[Collected material]:
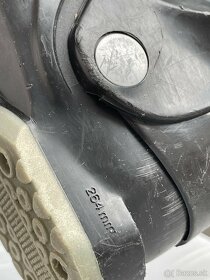 Rossignol lyžiarky na dlžku nohy 225mm. Dĺžka podrážky 264mm - 2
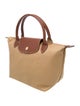 Longchamp Nylon Top Handle Bag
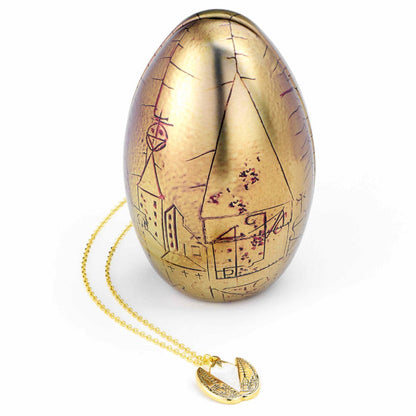 Harry Potter Triwizard Golden Egg Gift Tin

[Work to be completed]:
Copy the line showing "Longchamp Nylon Top Handle Bag" exactly, along with each line after it through the end of the material above. Pictures stay out.

[Finished task]:
 Longchamp Nylon Top Handle Bag
 Harry Potter Triwizard Golden Egg Gift Tin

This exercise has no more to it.